Monday, coach Mike Sullivan sternly compared the Penguins’ resplendent win against Washington to their most recent embarrassing loss.
“We stayed on the right side of the attack. We had numbers back. You know, we didn’t make high-risk plays in the top half of the offensive zone that allows teams to transition and give easy offense,” Sullivan said of the win in Washington. “Essentially, we didn’t beat ourselves. Because what I just discussed is how you beat yourself. And tonight, we certainly didn’t replicate that.”

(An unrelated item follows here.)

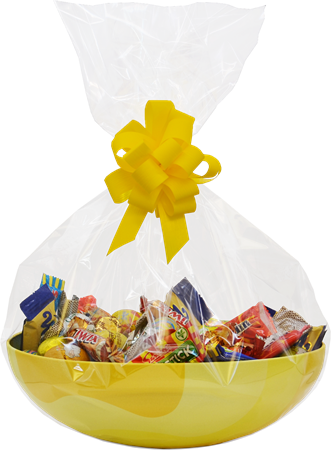 Påskägg Retro 650g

Oh, and they were taken behind the woodshed by the New York Rangers when optimism and emotions were high on opening night, 6-0. This season has been more of the same for the Penguins, who have picked up where they left off for the first 67 games last season: a team with historic talent at the top of the lineup but succumbs to their worst often and ultimately lacks the fire to bring their best with any consistency.
Kyle Dubas
General manager Kyle Dubas stated his goal was to get the team back to contender status and admitted that he would have to do things to build for the future while the team is trying to win today. He accepted that dichotomy as part of the job.
However, Sidney Crosby signed a two-year extension under the pretense that the team would retool on the fly and would remain competitive. A 6-9-2 record is not competitive.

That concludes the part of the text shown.